By echoing mainstream ideas, with an occasional radical twist, the NPD leader hopes to reverse the fading fortunes of a party founded half a century ago in West Germany. Although it polled 1.5 per cent in the last federal elections, falling short of the Bundestag’s 5 per cent rule, the NPD is more active, and successful, in local and state politics.

It won almost 10 per cent of the Saxon state vote in 2004 and entered the Dresden parliament for two terms. Former NPD leader Udo Voigt was elected last year as the party’s first MEP, marking the turnaround after a decade of internal feuds, financing scandals and public campaign disasters.

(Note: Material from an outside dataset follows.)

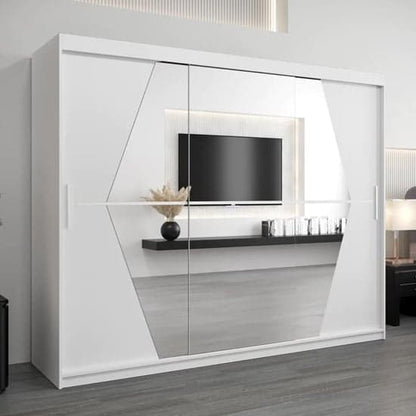 Beloit Mirrored Sliding Wardrobe | White | Mirror | 3 Doors | 250cm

As a new age of anxiety looms over refugees, Mr Franz sees a chance to score big. But his party no longer has the field to itself, squeezed between the new, openly extremist “Der III. Weg” (The Third Way) and the increasingly hard-right Alternative für Deutschland.

Last year, in Saxony’s state election, the AfD stole most of the NPD working-class vote and added disillusioned Merkel supporters. Since ousting its economic-liberal but moderate founder, Bernd Lucke, earlier this year, the AfD has taken a more strident anti-migrant.

“Germany is the homeland of our predecessors and must remain the homeland of our children,” said Mr Björn Höcke, AfD leader in the state of Thuringia. At the AfD’s party conference he stole a march on the NPD, deriding Dr Merkel and her refugee policies as a “topdown multicultural revolution”.

While Mr Höcke appeals to more extremist clientele, AfD leader Frauke Petry, a pastor’s wife, plays the concerned card, linking uncontrolled migration to Europe and terrorism risks.

As the AfD encroaches on NPD turf, Mr Franz has let his moderate mask slip somewhat to differentiate his party, accusing Germany of being a US “vassal” and “the willing briefcase carrier of US war politics”.

German authorities are unsure how to react, in particular whether they should make a second attempt attempt to ban the NPD. A decade after the first attempt failed, a ban might simply hand them free publicity.

For now, Mr Franz is playing a long game, hoping to convert his social media followers into voters. Amid a noticeable radicalisation in Germany’s refugee crisis rhetoric, the Nipsters are ready to pick up disillusioned mainstream voters – if the AfD doesn’t get them first.